Vol. 6, No. 18 Week of November 25, 2001

What will it take to get BP’s focus back on Alaska?

Kay Cashman

With competition tight within the company for investment dollars — and other places in the world offering better exploration and development opportunities — BP has shut down frontier exploration in Alaska and switched to harvest mode. (See story on page 11)

The man who heads up BP Exploration (Alaska) Inc.’s now defunct exploration department told PNA the company is focusing its exploration and development dollars on prospects in the Gulf of Mexico, Trinidad and West Africa.

In a Nov. 21 interview, F.X. O’Keefe talked about what it would take to get BP’s attention once again focused on Alaska.

The ability to “find and develop projects in a time period that is competitive” with other oil and gas provinces was his answer.

And what in Alaska is preventing BP from doing that now?

“A highly developed regulatory climate and the cost to develop a barrel of oil in Alaska is too high,” O’Keefe said.

Gov. Knowles was warned

In trying to track down a tip that Gov. Tony Knowles had visited BP Exploration (Alaska) President Steve Marshall before BP announced it was closing down frontier exploration in Alaska, PNA encountered a highly placed, senior employee within the state Department of Natural Resources who was willing to talk about how the state of Alaska might have contributed to BP’s decision. He did not wish to be identified.

“We warned our commissioner (Pat Pourchot) and the governor this could happen,” he told PNA Nov. 20. “DEC’s re-written the rules and it’s done so without the knowledge or support of the Legislature … or other state agencies. And look what’s happened. The Gulf of Mexico will be getting business that Alaska should be getting. … You can’t trust the state of Alaska anymore. We’ll sell you oil and gas leases but you’ll play heck getting them developed.”
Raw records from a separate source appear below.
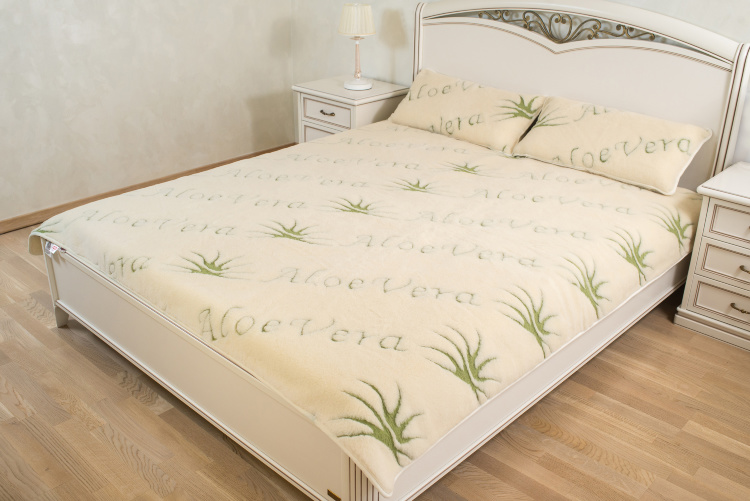 

Одеяло зимнее Wollwelt Merino AloeVera Merinovelors 130х195 см Белый
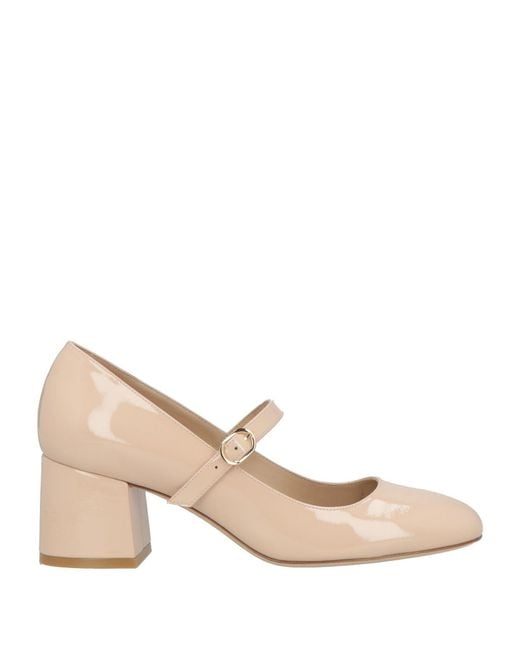 Stuart Weitzman Natural Pumps Leather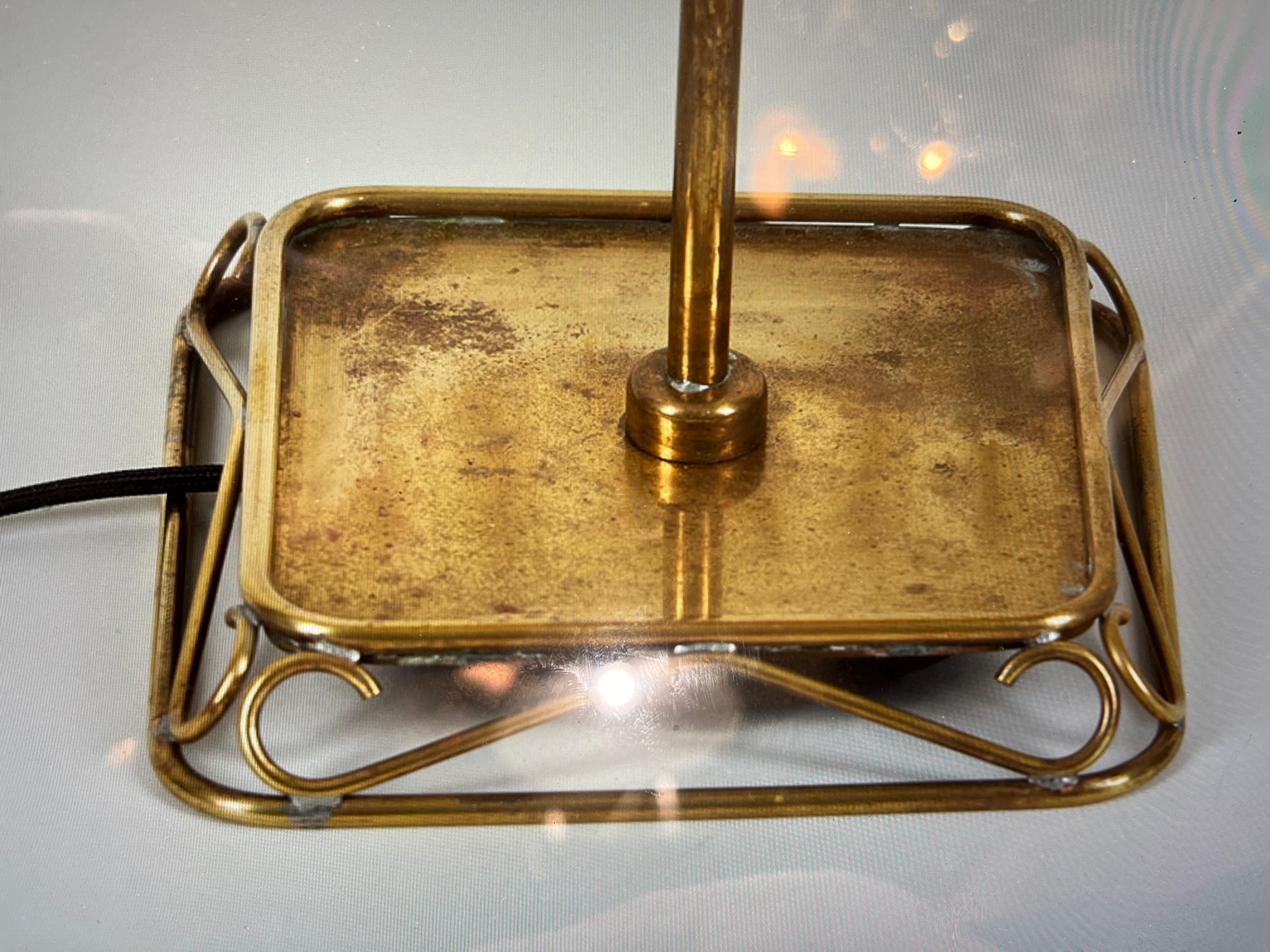 Lámpara de pie moderna de mediados de siglo Attr. a Gunnel Nyman,  Lámpara de pie, Modelo 60588 Metalistería en venta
When asked about the McCovey prospect (see page 1 story), which now appears to be headed to development with the approval of the state Department of Environmental Conservation, he said, “But look how much time — and probably money — it took to get to that point. … It’s too little, too late. The governor’s focused on the gasline and running for national office. … not on what supports this state — which is the oil business. He’s allowed a few low and middle level bureaucrats at DEC to change the rules of doing business in Alaska. … The train isn’t derailed yet, but the first car has left the tracks.”
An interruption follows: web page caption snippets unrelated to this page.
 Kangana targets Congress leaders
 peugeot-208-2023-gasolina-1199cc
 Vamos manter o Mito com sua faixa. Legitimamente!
The governor, he said, is “too proud to admit he’s lost control of his people. … He’ll just keep saying everything’s fine … reiterating how he got the NPR-A open. …
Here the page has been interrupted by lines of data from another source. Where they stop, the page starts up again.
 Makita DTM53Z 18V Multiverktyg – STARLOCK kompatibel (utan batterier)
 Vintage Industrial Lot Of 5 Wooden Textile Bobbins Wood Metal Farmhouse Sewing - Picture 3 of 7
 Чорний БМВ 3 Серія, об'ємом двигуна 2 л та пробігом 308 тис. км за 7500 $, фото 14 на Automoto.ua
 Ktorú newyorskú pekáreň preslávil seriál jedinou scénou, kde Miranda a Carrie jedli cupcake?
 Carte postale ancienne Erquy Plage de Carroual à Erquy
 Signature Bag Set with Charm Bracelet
“I don’t see him cracking the whip at DEC,” he said. “It’s less than a year until John Shively or Frank Murkowski is elected. Maybe they can fix this.”

The 1 billion barrel rule

O’Keefe wasn’t willing to comment further on the reason Alaska is no longer a core exploration area for BP (see related story on page 5), other than to emphasize it takes too long to bring projects on-line in Alaska.

He did, however, address news reports that said BP would only explore where it thought it could find 1 billion barrel-plus fields .

“That’s not a hard and fast number. … And it’s not to say we don’t explore for fields that have less than a billion barrels. It’s sort of a criteria we have used for several years. Sometimes we have used it more rigorously than other times.”

The way “things are ranked in our world-wide exploration portfolio is those fields that are close to infrastructure, can be developed in a relatively short period of time and have 1 billion barrels, those are placed closer to the top. In the immediate future, we didn’t see that happening in Alaska.”

And the frontier prospects, he said, especially because of the regulatory climate and higher costs in Alaska, were not attractive investments for BP.

Editor’s note: PNA has made several requests for an interview with Gov. Knowles since mid-August both about allegations that DEC has changed the rules for the oil and gas industry, and to ask the governor what the state is doing to meet the need for increased domestic energy since the Sept. 11 tragedy. To date, no interview has been granted.